On the subject of the Haass proposals, she said the Irish Government and others had already agreed that they represented “the best way forward”.
“To achieve progress on implementation of the Haass proposals requires the British Government to take up a clear and unambiguous position in support of Haass. There is currently an effort on the part of political Unionism to roll back on the progress that has been made since the Good Friday Agreement was achieved 16 years ago. This cannot be allowed to happen.”
Also in her address, Ms. McCorley paid tribute to Cumann na mBan, meaning League of Women, which she said “played a very important role in the 1916 rebellion, just as they did right through all the phases of our struggle, and particularly in the most recent phase”.
“The roles women played were varied and took many forms. From the very young to the very old, they involved themselves in all ways from making their homes available to the army, taking part in marches against oppression and right through to the very coalface of the war. And of course, as we all know, many of them went to prison for their beliefs and many of them made the ultimate sacrifice by giving their lives.”
“And you the people of Fermanagh have much to be proud of too, for you had among you some of the bravest most dedicated women of this era.

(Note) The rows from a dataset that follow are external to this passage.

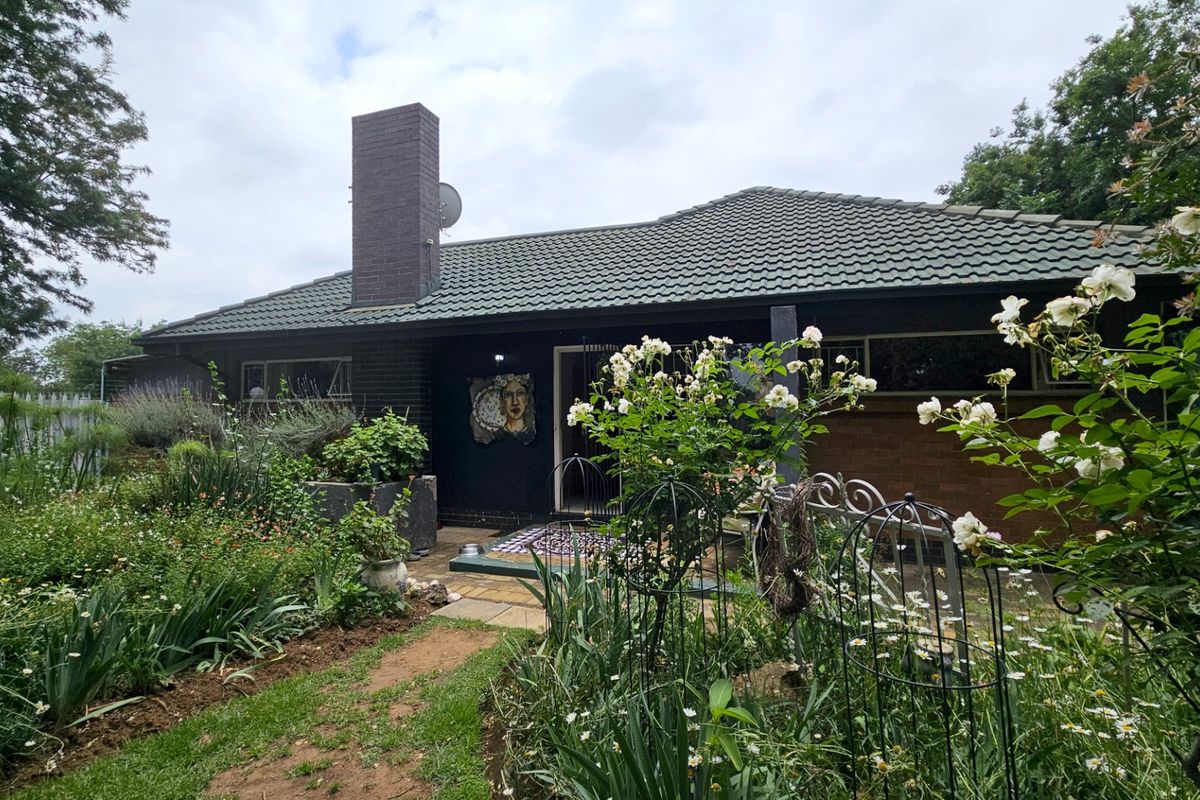 A unique home with a cottage in Three Rivers. - Photo 2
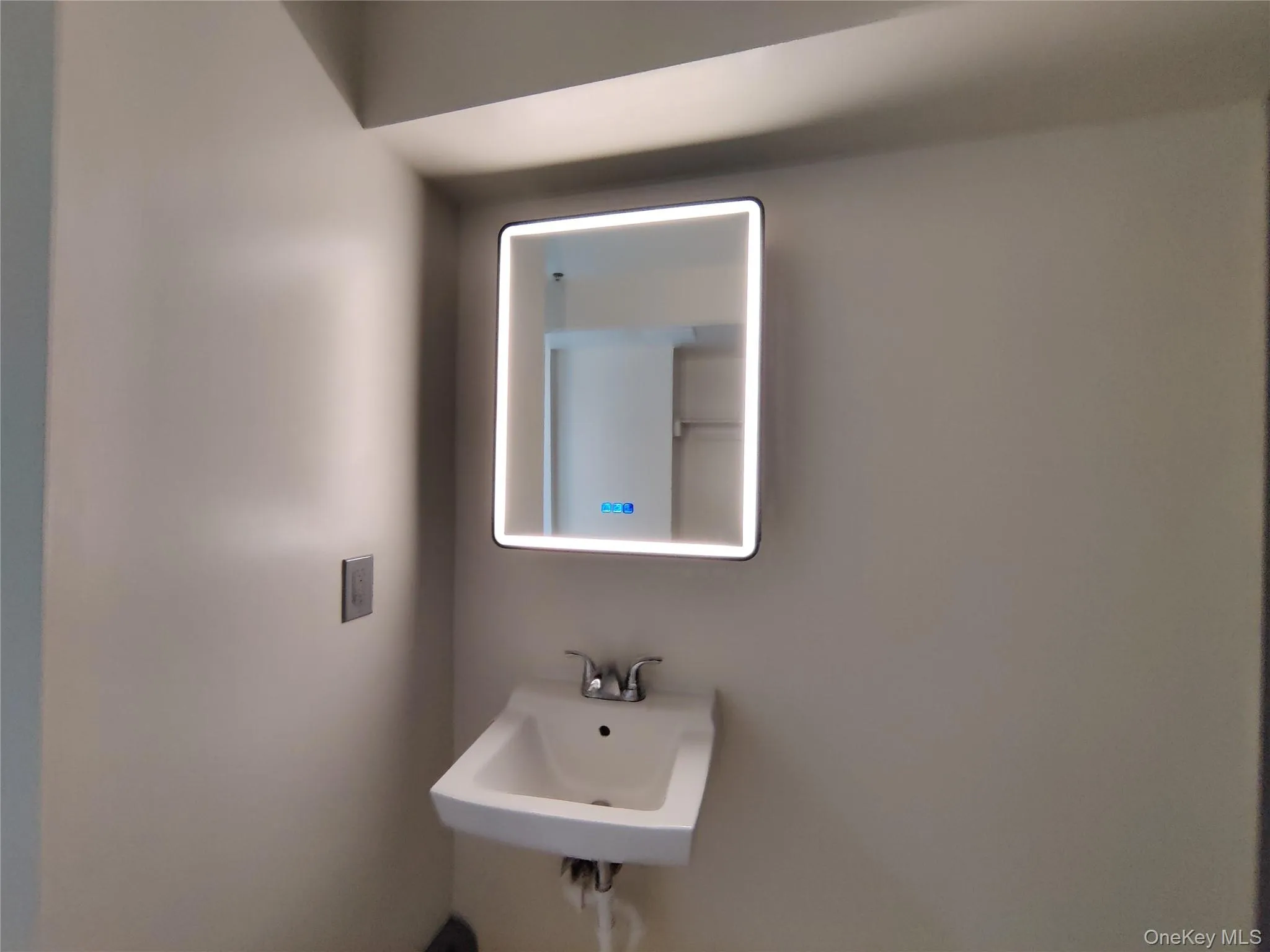 219 MILL Street, Poughkeepsie, NY, 2 Bedroom Bedrooms, 5 Room Rooms,1 BathroomBathrooms,Residential Lease,For Rent,MILL,0,1059582 219 MILL Street, Poughkeepsie, NY, 2 Bedroom Bedrooms, 5 Room Rooms,1 BathroomBathrooms,Residential Lease,For Rent,MILL,0,1059582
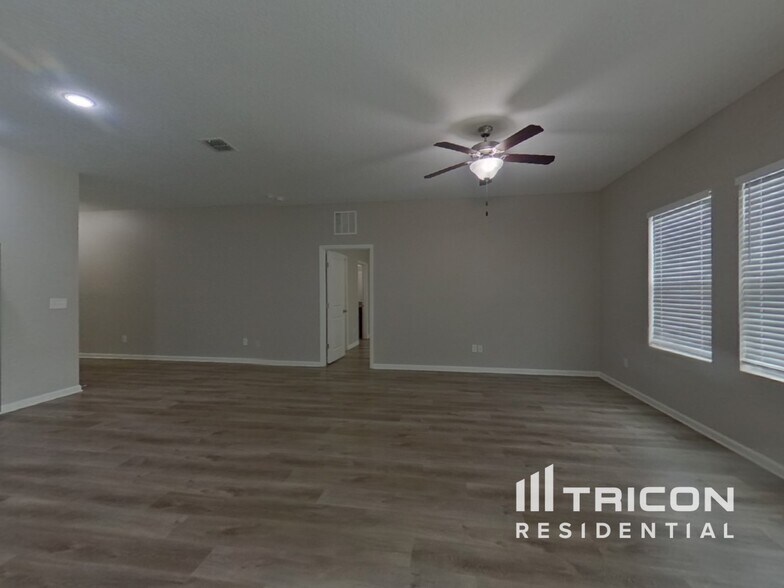 Building Photo - 15121 Sora St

It is fitting therefore that on this important day that we make special mention of Joan Foster, who came from this very village of Donagh that we’re standing in, and whose life was committed to the Republican struggle.”
Ms. McCorley added: “Easter is the time of year that we set aside to pay special homage to our dead. We pay tribute to those brave selfless women and men, who gave their lives in the struggle for Irish freedom. We commemorate our fallen comrades with pride, and we are all the richer for having known them, among them women like Joan Foster.”
But the politician said it was “a sad reflection” on society to say that women “are often invisible and written out of history when it comes to the telling of the story”.
And she remembered former Fermanagh-south Tyrone MP and Hunger Striker Bobby Sands.
“As Bobby said, everyone has their own part to play, and I feel those words are worth remembering. I would urge everyone here to think about that,” said Ms. McCorley.